All of that negativity was nothing but noise to Davis, who furrowed his famous unibrow dismissively when asked what impact those rumblings had on him.

“Nothing,” Davis told FOX Sports. “People who talk who don’t know the game — fans, whoever it is. My job is to go play basketball. I know what I’m capable of doing.

“There were two injuries I couldn’t control. Somebody getting pushed into my knee or falling into my knee, and landed on someone’s foot. I know I’m comfortable with my game. I know the things I’m able to do on the basketball court. And I let my game speak for itself. Everyone who’s talking can do whatever they have to do.”

His game has certainly done that in recent weeks, and while the timing of his resurgence starting right around the time that Simmons started a week-long media cycle about whether or not the Lakers should trade him makes his claim slightly dubious, he is certainly correct that a whole lot of the noise around him was out of his control. He can’t stop injuries, or the fact that there are people who don’t know the game who love to criticize him. It’s also hilarious that he is, in essence, responding to critics like Charles Barkley with “you don’t know ball,” but hey, anyone who has watched the latter’s predictions over the years might find it hard to argue at times.

But it wasn’t just trade rumors, internet personalities or TV pundits who devalued Davis. His recent resurgence has left his standing around the NBA a far cry away from where he was seen in the league’s hierarchy when ESPN ranked him as the 20th-best player in the NBA heading into the season. At this point, naming 19 players playing better than him would be a struggle. It might be tough to name five.

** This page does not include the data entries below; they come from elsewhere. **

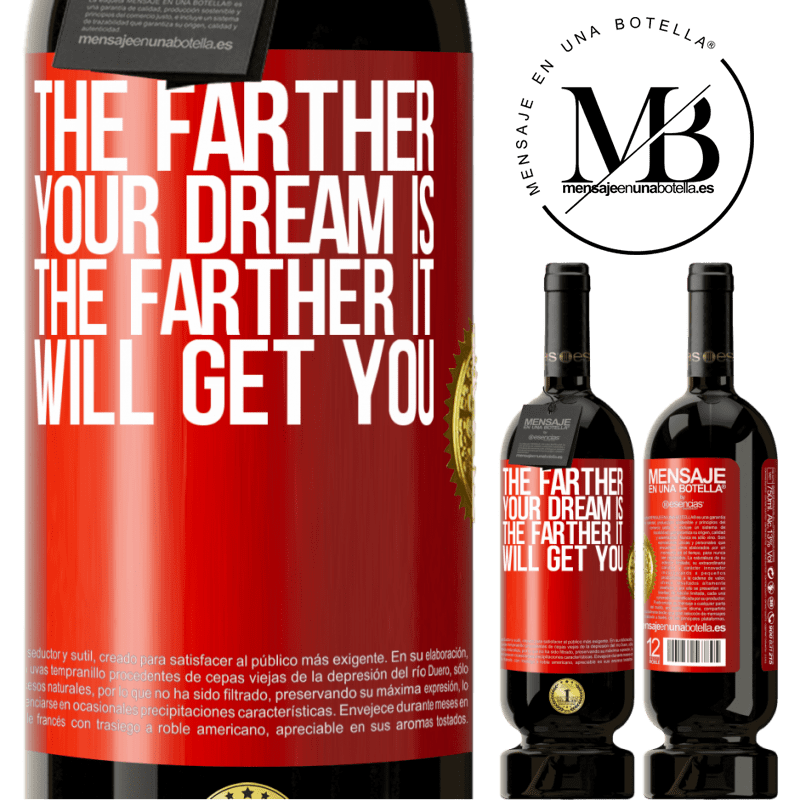 39,95 € Free Shipping | Red Wine Premium Edition MBS® Reserva The farther your dream is, the farther it will get you Red Label. Customizable label Reserva 12 Months Harvest 2014 Tempranillo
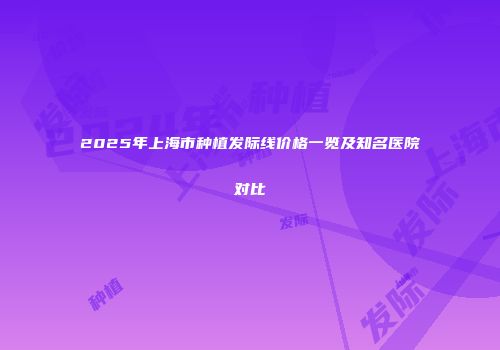 2025年上海市种植发际线价格一览及知名医院对比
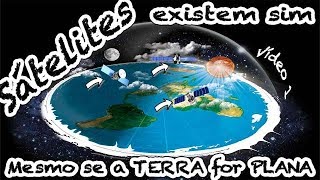 #1 SATÉLITES EXISTEM Mesmo se a TERRA for PLANA [Semana Especial]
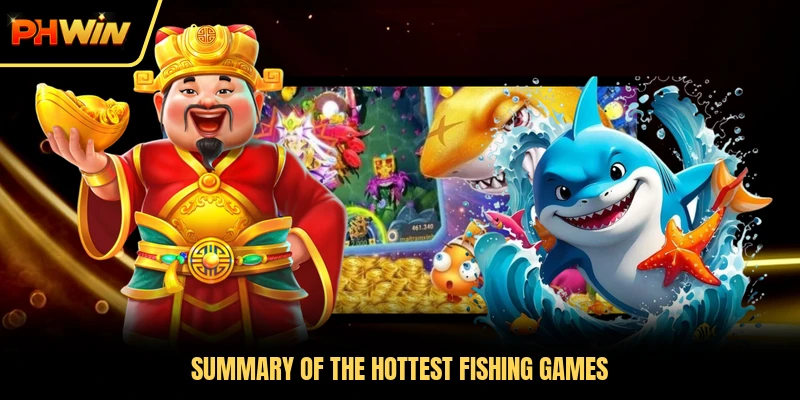 Summary of the hottest fishing games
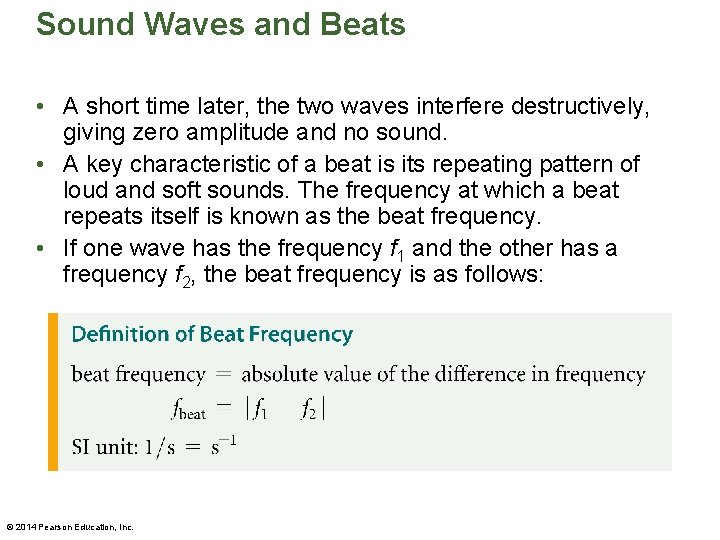 Sound Waves and Beats • A short time later, the two waves interfere destructively,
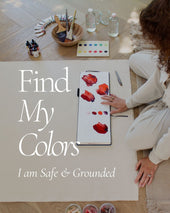 FIND MY COLORS, I AM SAFE & GROUNDED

Still, Davis told Rohlin he never let any of that stuff bother him:

When asked if he felt underrated, Davis stressed that he doesn’t feel the need to prove anything to anyone — except himself.

“No,” Davis said. “I feel like I am where I’m supposed to be. I don’t get into the ratings or rankings. That’s not my job. I don’t care about any of that. It’s my job to help this team get wins and compete for championships. And we’re on track to having a complete team and putting everything together to be able to compete.”

The whole story is worth a read for Lakers fans, and it is another reminder that for as cliche as it all is, all of the talk about roster construction, player rankings and more — at this site included — doesn’t really matter unless a player is healthy. That’s boring, and maybe it sounds like an “excuse” for how poorly Davis has played at times throughout the last two seasons, but it’s also just reality. Davis is healthy now, and according to both his own coach and NBA insider Brian Windhorst during the most recent episode of “The Hoop Collective” podcast, it’s played a big part in how good he looks.

Windhorst: “I’ve talked to some folks around the team, I’ve talked to some folks around AD (and) his back was bothering him earlier in the season and it’s better now... He’s healthy, but only he knows why all of a sudden he’s being just vicious like the peak Anthony Davis.”

And if Davis maintains this level of play, one thing is certain: The criticism he says he doens’t care about is going to quiet, whether that matters to him or not. If he keeps this up, in fact, it may even get replaced by MVP buzz.